Find the average acceleration of the mass during the time interval

[quicknote]

I'm suppossed to find the average acceleration of the mass during the time interval from -t to t.
The formula I'm using is $$a(-t,t)=\frac{(v(t)-v(-t))}{(t-(-t))}$$

I've already derived v(t) and v(-t) but I'm not sure how to simplify them after subtracting them.
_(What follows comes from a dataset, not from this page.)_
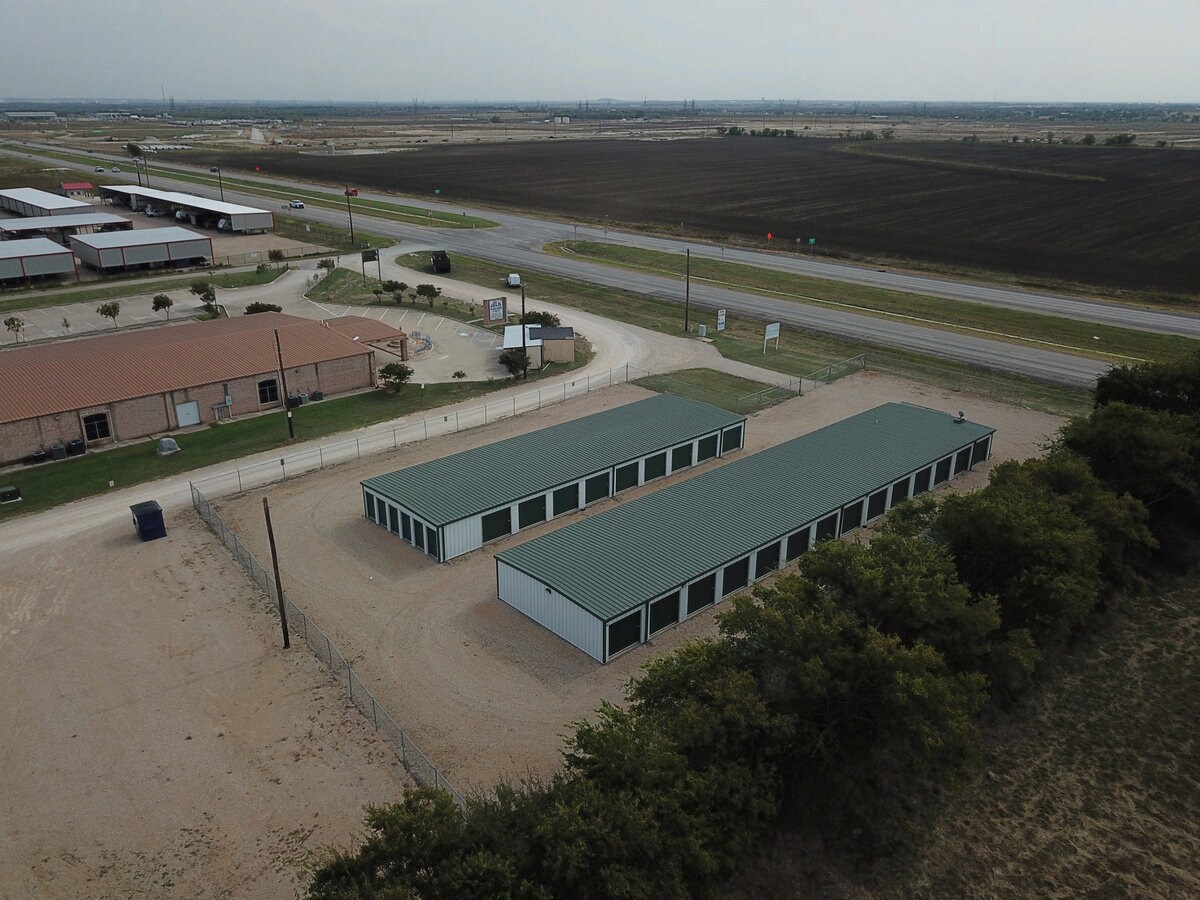 15060 US Highway 380 W, Krum, TX à vendre Photo principale– Image 1 sur 2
$$v(t)=-R\omega sin(\omega t)*\hat{x}+R\omega cos(\omega t)\hat{y}$$
$$v(-t)=-R\omega sin(\omega (-t))\hat{x}+R\omega cos(\omega (-t))\hat{y}$$

I got as far as grouping the x and y terms...after that I don't know how else to simplify

$$[(-R \omega \hat{x}) ((sin(\omega t)+sin(\omega (-t))] + [(R \omega \hat{y}) ((cos \omega t) -cos (\omega (-t))]$$

Any help is appreciated.
thanks!

 

[Gale]

from what you have, i get that the velocities all cancel out. $$sin(\omega t) + sin (-\omega t) = sin(\omega t) -sin(\omega t)=0$$ because $$sin(-\omega t)= -sin(\omega t)$$

ok, well just the sine's cancel...

the cosines simplify $$R\omega cos(\omega t) - R\omega cos(-\omega t)= R\omega(cos(\omega t) - cos(-\omega t))= R\omega( cos(\omega t) + cos(\omega t))= 2R\omega cos(\omega t)$$

and that's all in the y hat direction. so all your acceleration is vertical.

 

[quicknote]

Thanks Gale!

I didn't know this rule: sin(-x) = -sin (x)

 

[Gale]

Thanks Gale!

I didn't know this rule: sin(-x) = -sin (x)

hah, don't feel so bad... i didn't either, but i drew it out. when you look at the picture, obviously they're equal.